Ambas as instituições tinham direitos históricos de poder e, na época de Francisco, eles consideravam esses poderes como parceiros do poder monárquico. Esse sentimento não foi compartilhado pelo autocrático Francisco. Não há evidências de que tanto a Sorbonne quanto o Parlamento fossem desleais ao rei, mas ambos se apegaram zelosamente ao poder que acreditavam ser deles. Francisco usou o influxo do protestantismo em seu proveito, em um esforço para minar o poder de ambas as instituições.

Desde que a Concordata de Bolonha foi assinada em 1516 entre a França e o Vaticano, o rei francês teve o direito de nomear as 700 posições mais importantes da igreja na própria França. Portanto, o rei nomeou homens que ele sabia que o apoiariam. A Concordata tinha sido contestada pela Sorbonne e pelo Parlamento, mas a prisão dos críticos mais vocais logo dissipou qualquer oposição. A influência desses clérigos selecionados nas localidades em que foram colocados não pode ser subestimada. A população da França era principalmente rural e essas áreas eram extremamente conservadoras e a religião dominava a vida das pessoas. Se o bispo local instruiu o povo a apoiar o rei em todos os assuntos, é provável que o fizessem como uma reação instintiva. Isso só poderia diluir qualquer influência que a Sorbonne e o Parlamento tivessem na sociedade.

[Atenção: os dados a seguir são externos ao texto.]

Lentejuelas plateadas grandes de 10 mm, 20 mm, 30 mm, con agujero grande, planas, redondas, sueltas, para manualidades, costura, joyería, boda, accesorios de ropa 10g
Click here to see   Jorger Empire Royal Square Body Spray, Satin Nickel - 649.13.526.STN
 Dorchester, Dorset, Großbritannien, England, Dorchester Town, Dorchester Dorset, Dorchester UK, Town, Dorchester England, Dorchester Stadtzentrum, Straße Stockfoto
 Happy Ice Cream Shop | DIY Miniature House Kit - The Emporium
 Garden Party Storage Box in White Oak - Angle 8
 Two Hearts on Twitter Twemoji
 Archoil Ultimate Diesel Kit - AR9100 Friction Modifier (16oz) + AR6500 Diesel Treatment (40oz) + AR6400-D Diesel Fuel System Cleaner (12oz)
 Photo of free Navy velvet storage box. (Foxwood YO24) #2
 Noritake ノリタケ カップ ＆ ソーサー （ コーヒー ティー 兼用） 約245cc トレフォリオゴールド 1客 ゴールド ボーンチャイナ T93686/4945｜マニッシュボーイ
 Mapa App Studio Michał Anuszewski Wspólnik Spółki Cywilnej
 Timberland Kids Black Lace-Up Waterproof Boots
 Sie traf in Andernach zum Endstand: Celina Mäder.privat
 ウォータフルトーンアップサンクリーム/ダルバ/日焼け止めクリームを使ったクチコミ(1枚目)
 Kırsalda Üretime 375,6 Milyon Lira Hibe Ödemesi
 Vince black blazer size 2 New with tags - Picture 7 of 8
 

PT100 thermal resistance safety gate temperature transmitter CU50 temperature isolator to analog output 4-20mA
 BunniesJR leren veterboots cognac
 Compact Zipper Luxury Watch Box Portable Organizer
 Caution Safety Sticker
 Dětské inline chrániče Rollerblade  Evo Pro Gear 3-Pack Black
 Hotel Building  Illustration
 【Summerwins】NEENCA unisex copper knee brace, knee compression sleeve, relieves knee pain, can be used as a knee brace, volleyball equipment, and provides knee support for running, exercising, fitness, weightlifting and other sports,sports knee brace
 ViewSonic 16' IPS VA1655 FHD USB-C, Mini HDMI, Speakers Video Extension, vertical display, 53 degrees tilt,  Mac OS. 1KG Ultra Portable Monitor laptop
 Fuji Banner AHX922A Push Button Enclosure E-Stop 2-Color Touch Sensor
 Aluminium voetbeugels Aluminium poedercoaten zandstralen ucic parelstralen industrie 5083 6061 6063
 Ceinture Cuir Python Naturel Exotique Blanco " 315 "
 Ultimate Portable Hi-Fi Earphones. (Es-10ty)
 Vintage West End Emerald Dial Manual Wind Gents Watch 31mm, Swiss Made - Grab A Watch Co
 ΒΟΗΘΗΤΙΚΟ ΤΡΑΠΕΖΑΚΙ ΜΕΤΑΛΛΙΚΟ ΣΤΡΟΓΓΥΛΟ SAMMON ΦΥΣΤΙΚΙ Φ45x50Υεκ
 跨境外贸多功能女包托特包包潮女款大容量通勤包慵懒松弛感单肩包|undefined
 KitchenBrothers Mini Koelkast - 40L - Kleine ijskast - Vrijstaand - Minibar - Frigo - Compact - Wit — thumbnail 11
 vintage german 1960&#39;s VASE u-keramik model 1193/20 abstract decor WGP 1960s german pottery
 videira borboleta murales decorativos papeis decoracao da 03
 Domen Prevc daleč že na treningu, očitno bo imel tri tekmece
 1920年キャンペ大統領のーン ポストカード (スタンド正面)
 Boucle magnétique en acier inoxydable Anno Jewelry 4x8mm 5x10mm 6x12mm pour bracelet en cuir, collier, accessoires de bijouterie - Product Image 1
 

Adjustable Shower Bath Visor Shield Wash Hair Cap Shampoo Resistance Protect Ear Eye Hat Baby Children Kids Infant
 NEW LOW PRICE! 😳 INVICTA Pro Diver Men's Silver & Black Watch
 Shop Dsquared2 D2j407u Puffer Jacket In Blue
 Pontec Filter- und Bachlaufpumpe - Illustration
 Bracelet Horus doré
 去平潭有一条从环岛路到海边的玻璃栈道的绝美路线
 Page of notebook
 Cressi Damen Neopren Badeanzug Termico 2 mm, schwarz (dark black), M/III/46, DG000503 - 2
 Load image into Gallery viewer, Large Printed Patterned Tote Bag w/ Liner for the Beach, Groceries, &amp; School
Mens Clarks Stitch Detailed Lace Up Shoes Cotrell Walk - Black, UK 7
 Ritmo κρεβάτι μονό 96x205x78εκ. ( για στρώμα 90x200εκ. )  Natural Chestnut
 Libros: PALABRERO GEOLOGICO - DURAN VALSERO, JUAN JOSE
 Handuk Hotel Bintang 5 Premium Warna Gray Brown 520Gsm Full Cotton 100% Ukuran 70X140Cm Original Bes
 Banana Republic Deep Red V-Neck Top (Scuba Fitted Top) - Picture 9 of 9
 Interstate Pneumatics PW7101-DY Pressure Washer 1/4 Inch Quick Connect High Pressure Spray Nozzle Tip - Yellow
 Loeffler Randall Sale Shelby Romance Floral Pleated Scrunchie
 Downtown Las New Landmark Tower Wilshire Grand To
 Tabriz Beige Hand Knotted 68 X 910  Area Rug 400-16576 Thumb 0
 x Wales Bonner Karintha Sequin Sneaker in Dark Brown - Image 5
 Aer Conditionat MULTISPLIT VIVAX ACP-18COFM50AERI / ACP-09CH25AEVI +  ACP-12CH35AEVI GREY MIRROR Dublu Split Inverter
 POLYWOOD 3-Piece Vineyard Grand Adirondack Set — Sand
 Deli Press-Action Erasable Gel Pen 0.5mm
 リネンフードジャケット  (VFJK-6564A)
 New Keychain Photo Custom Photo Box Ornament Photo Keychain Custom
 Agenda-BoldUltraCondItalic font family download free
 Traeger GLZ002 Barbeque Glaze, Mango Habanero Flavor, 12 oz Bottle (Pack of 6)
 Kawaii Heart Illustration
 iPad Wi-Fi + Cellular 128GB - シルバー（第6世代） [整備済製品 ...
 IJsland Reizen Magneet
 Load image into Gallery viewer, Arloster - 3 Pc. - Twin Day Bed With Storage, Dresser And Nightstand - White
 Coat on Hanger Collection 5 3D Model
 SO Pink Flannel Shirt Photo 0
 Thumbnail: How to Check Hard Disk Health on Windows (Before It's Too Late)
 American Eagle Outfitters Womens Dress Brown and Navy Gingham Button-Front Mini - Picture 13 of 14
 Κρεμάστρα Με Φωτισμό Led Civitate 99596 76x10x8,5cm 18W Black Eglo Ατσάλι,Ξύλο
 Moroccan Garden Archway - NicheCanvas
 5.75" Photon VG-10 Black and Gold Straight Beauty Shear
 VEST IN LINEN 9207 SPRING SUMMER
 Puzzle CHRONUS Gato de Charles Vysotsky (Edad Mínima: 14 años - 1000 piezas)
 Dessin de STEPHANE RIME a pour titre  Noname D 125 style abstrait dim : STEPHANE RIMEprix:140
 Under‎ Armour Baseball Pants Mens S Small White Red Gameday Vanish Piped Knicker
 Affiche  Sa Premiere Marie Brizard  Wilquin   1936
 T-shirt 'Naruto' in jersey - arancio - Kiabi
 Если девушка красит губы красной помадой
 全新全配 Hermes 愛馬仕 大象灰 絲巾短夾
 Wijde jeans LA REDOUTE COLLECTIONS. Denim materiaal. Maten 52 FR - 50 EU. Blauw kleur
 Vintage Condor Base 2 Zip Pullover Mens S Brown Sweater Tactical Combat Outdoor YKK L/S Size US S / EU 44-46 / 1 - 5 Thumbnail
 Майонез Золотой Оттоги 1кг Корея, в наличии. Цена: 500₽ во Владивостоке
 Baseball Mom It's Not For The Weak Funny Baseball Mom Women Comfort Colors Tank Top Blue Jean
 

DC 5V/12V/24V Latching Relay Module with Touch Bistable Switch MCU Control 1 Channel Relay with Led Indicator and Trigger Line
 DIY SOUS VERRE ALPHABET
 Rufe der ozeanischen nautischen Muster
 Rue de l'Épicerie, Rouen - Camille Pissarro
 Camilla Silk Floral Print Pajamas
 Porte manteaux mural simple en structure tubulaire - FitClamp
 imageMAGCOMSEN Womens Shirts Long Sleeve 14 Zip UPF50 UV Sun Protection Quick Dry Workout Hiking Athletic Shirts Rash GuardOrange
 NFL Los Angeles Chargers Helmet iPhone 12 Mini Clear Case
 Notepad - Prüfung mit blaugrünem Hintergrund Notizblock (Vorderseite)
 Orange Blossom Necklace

Em 1525, Francisco foi capturado na Batalha de Pavia e mantido em cativeiro por um ano por Charles V. Era uma época em que o Parlamento e a Sorbonne podiam reafirmar seu poder e estabeleceram uma comissão especial para caçar “hereges”. Quando Francisco foi libertado, descobriu que precisava de dinheiro e ordenou que a Igreja Católica se reorganizasse e nomeou Antoine Duprat para iniciar isso. Tal era a fraqueza de Francisco naquela época que ele não chegou a lugar algum nesse empreendimento. Em 1529, o Parlamento voltou a se mover contra os luteranos, mas nesse momento os calvinistas pareciam um oponente mais perigoso. Sentindo-se ameaçado por eles, Francis trabalhou com o Parlamento e, em 1535, proibiu a publicação de todos os novos livros, a menos que houvesse acordo específico do governo.

Em 1538, Francisco e Carlos V concordaram em caçar a heresia e em 1540 ele deu ao parlamento o poder de fazer exatamente isso. Em 1542, a Sorbonne publicou seu próprio índice e, em 1544, Francisco renovou seu compromisso de caçar heresia e, quando foi sucedido por seu filho, Henrique II, em 1547, a caçada se intensificou, pois Henry era um católico fiel. Em 1551, os jesuítas estavam na França e estabeleceram uma faculdade em Paris.

Por tudo isso, o movimento protestante como um todo progrediu na França, mas foram principalmente os calvinistas que conseguiram como Lutero nunca planejou como organizar sua igreja, enquanto Calvin havia feito exatamente isso. Como tal, quaisquer movimentos bem-sucedidos contra os protestantes eram contra os luteranos. Ironicamente, durante a época de Henrique II, os advogados do Parlamento argumentaram que a pena de morte não deveria ser usada em questões relacionadas à religião e instaram Henrique II a agir de maneira cautelosa. Os advogados que falaram foram presos. Em 1559, a causa protestante na França recebeu uma pausa inesperada e bem-vinda.